This image depicts an essentially ages old process of collecting hay and loading on a wagon. This drawing at the LoC has a caption of foraging for hay in Virginia. Note that forage as a verb means to look for food for both men and animals, while forage as a noun is the hay and grain used to feed animals. By the time of the civil war, farmers and hay distributors made hay bales using horse powered presses as I described here. They shipped the bales with concentrated hay from farms to urban areas.
During the civil war, the farms in eastern Pennsylvania produced prodigious quantity of hay, according to Hess in his book, "Civil War Logistics." The US Quartermaster Corps purchased bulk hay and shipped it to the Army. In the case of the Army of Potomac, the hay came by ship and barge. If you look at the three-masted schooner in the background of this image from City Point you will see it is fully loaded with hay.

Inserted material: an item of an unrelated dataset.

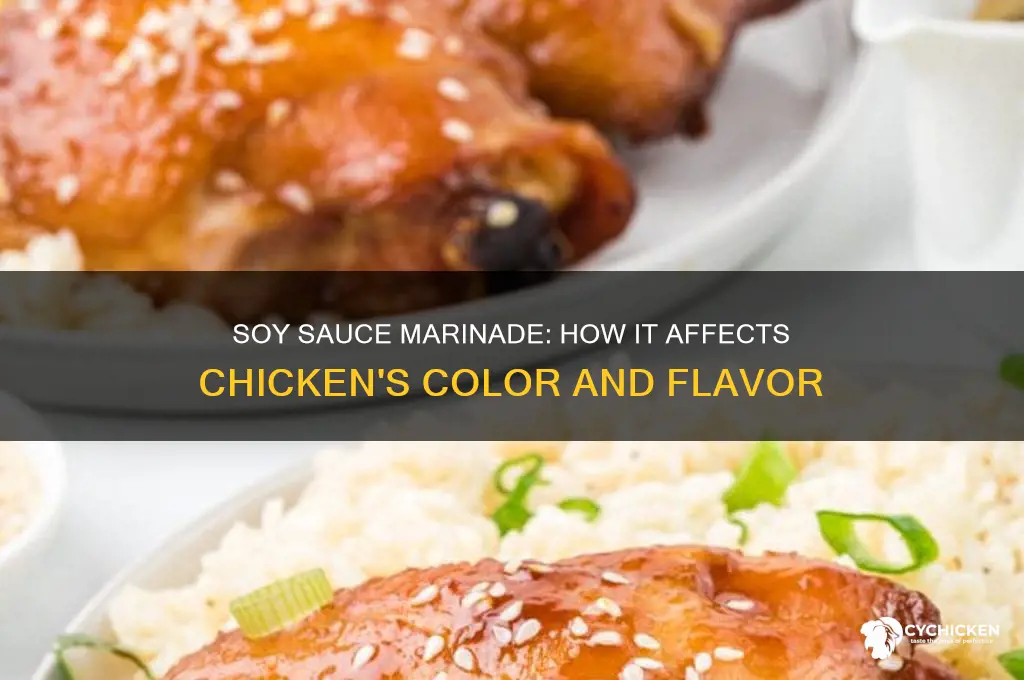 does marinating chicken in soy sauce change the color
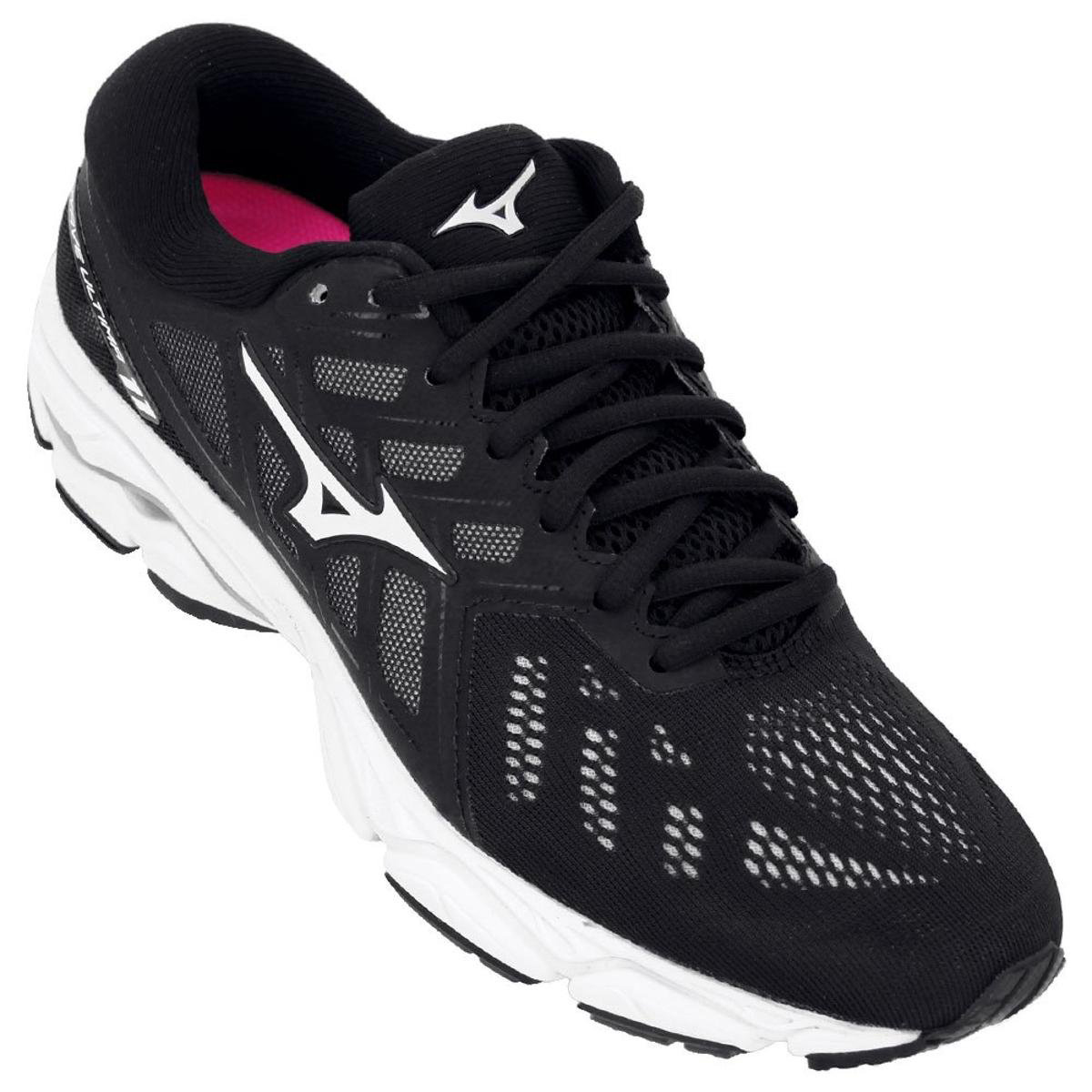 tenis mizuno feminino preto e branco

The Merritt map of City Point shows a wharf labeled as "Forage Wharf." This implies a dedicated place to transload and store hay.
To transship the hay to the hungry animals in the front lines the Army used wagons and railroad cars. In the photo of City Point at the left we can see a line of wagons proceeding to an area where piles of hay bales are stored. Look behind the trees on the right side to see the hay bales.
If you look closely at the image below of the Aquia Landing, you can see a flat car loaded with hay bales on the right side of the image to the left of the locomotive.
I have posted other pictures of hay bales on railroad cars such as here. Armed with this knowledge, we can proceed with adding hay bales to our civil war railroad cars knowing we are on the right track.